● Task directions:
Retype the records below exactly as they stand, but with no images.

Items from a dataset:
________________

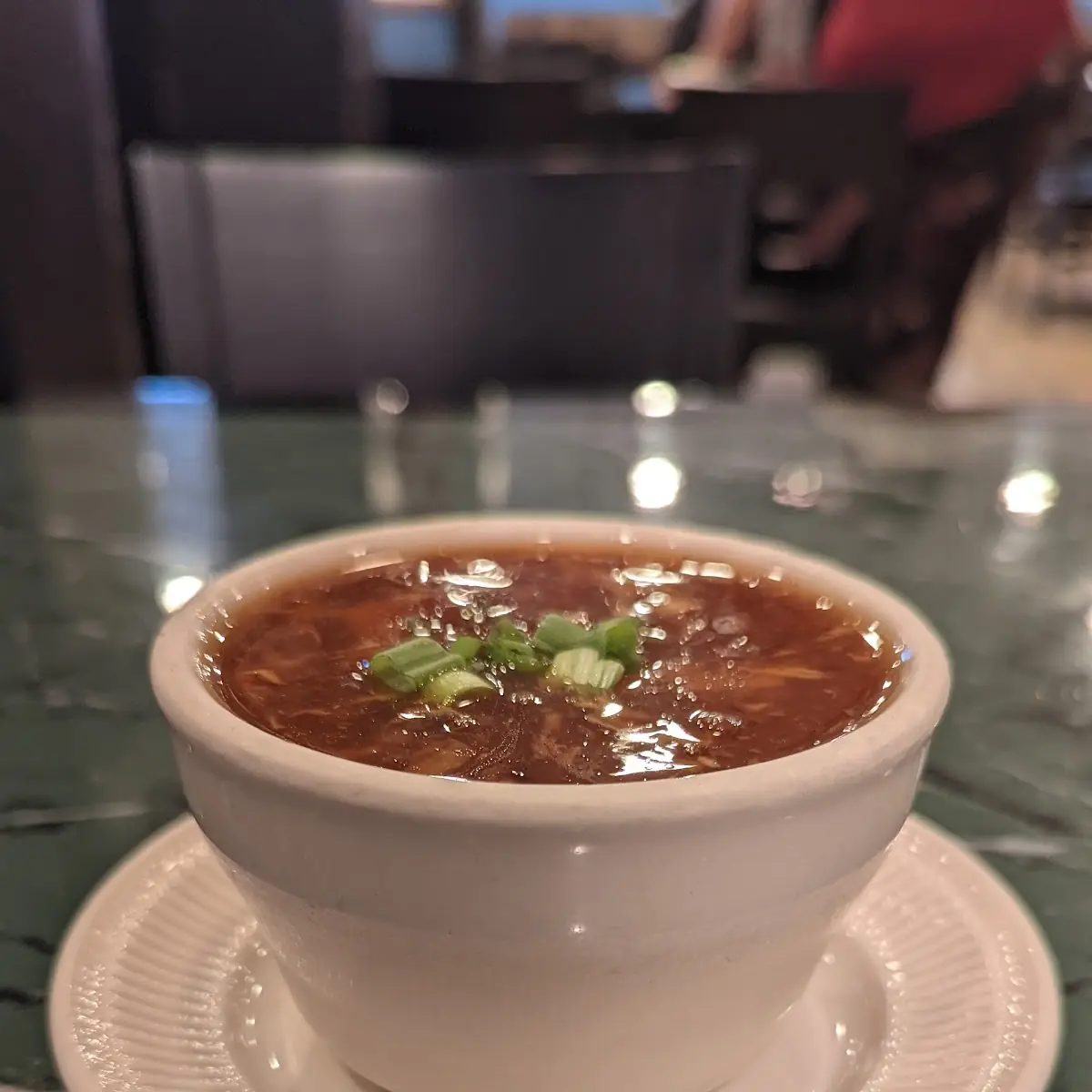 Hot and Sour Soup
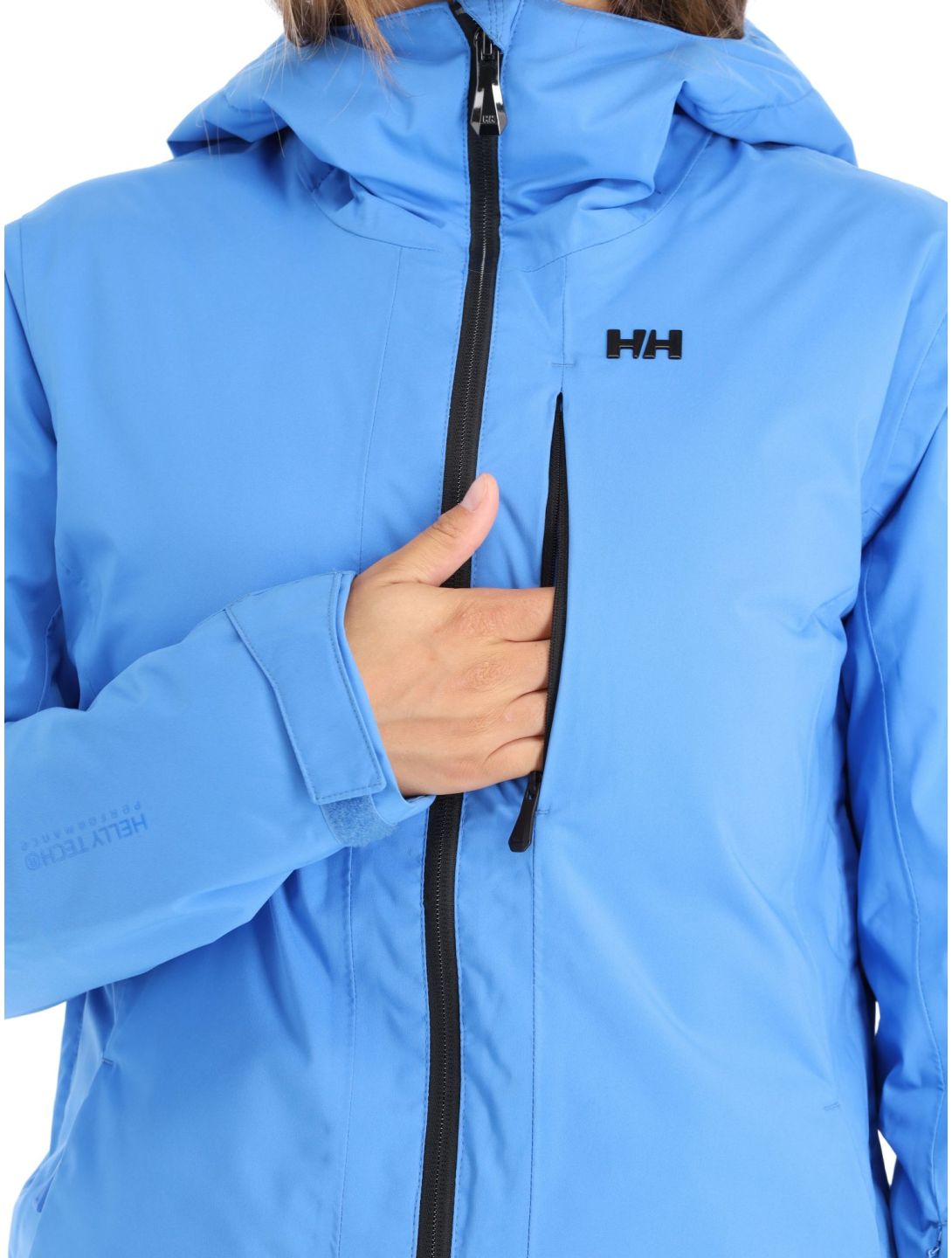 Helly Hansen, Edge 2.0 chaqueta de esquí mujeres Ultra Blue azul 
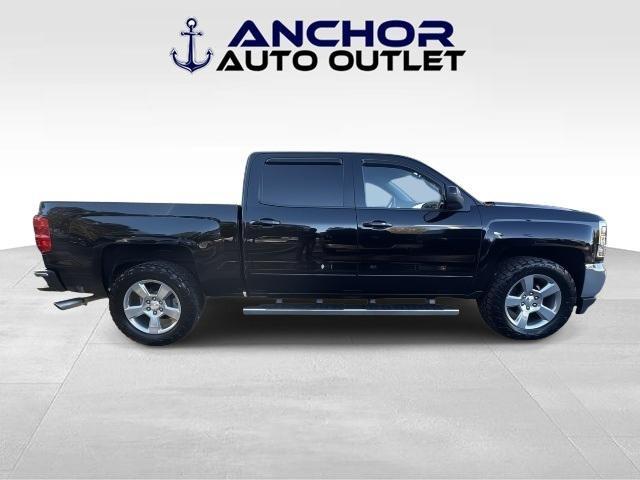 used 2018 Chevrolet Silverado 1500 car, priced at $22,995
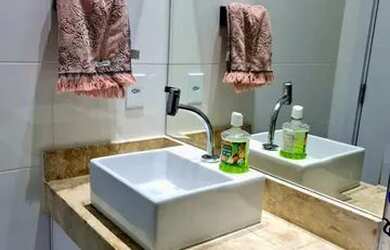 Imagem 6: Passaredo, Casa 3 quartos, suíte com closet, modulados e climatizada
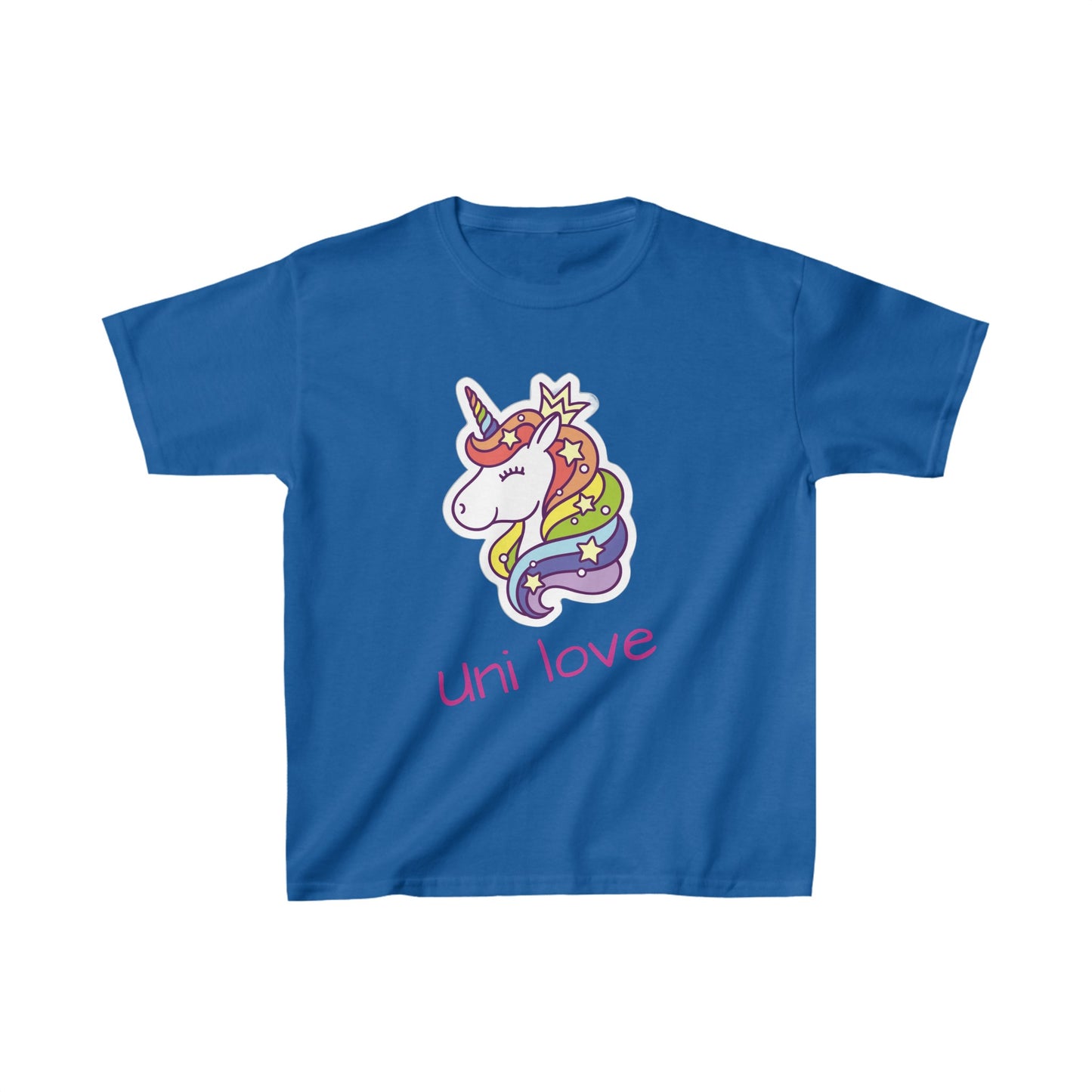 Uni Love Kids Heavy Cotton™ Tee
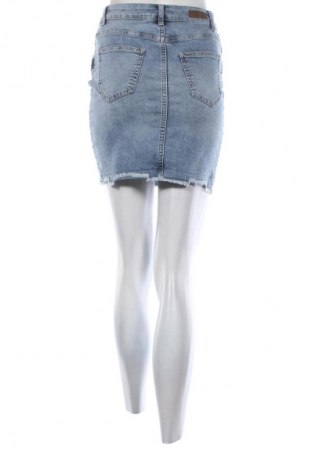 Sukně Pieces, Velikost M, Barva Modrá, Cena  59,00 Kč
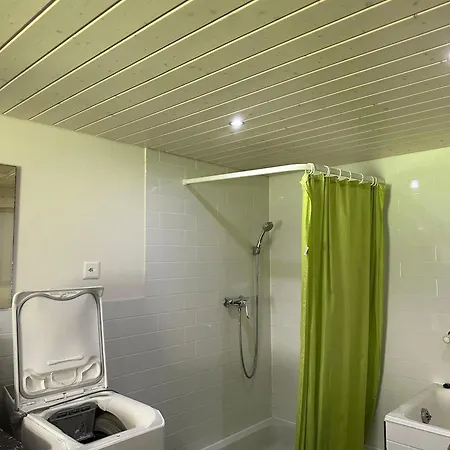 Braekerhaus Toggenburg Farm stay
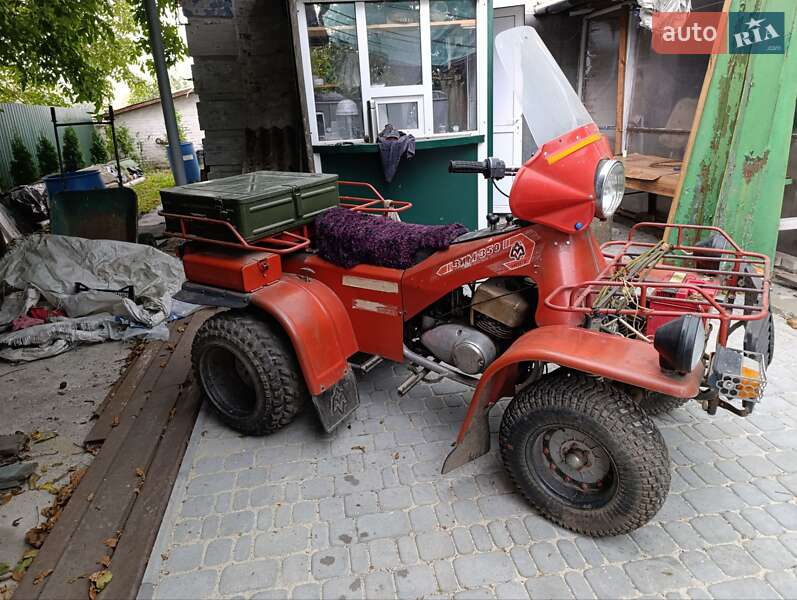 Квадроцикл  утилитарный ЗИМ 350 2006 в Белой Церкви
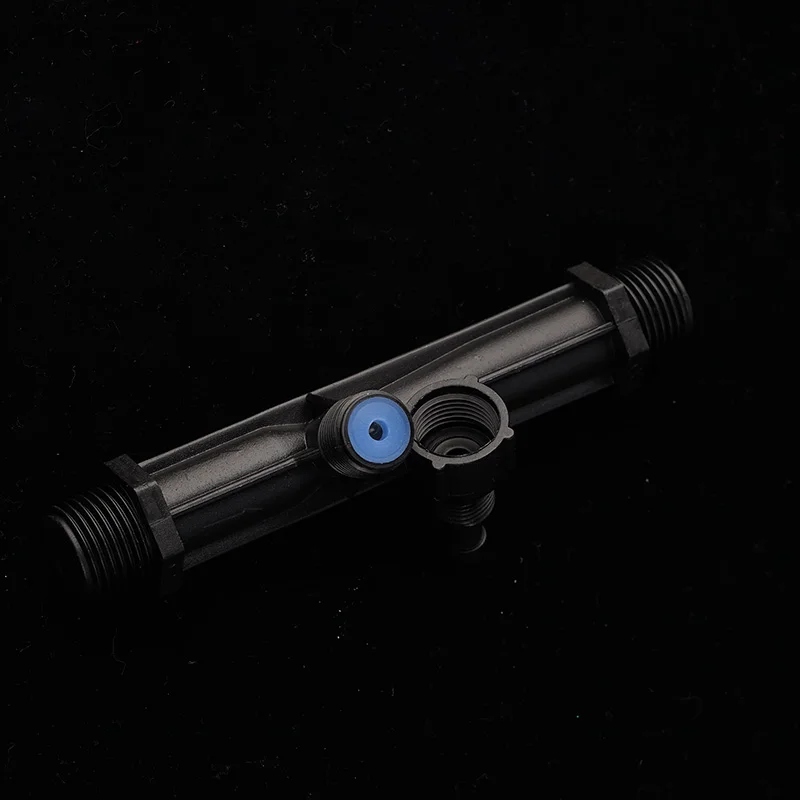 1/2 3/4 дюйма нитки капельного орошения устройства набор цветов Вентури #727 трубки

________________

● Task response:
 Hot and Sour Soup
 Helly Hansen, Edge 2.0 chaqueta de esquí mujeres Ultra Blue azul 
 used 2018 Chevrolet Silverado 1500 car, priced at $22,995
 Imagem 6: Passaredo, Casa 3 quartos, suíte com closet, modulados e climatizada
 Uni Love Kids Heavy Cotton™ Tee
 Sukně Pieces, Velikost M, Barva Modrá, Cena  59,00 Kč
 Braekerhaus Toggenburg Farm stay
 Квадроцикл  утилитарный ЗИМ 350 2006 в Белой Церкви
 1/2 3/4 дюйма нитки капельного орошения устройства набор цветов Вентури #727 трубки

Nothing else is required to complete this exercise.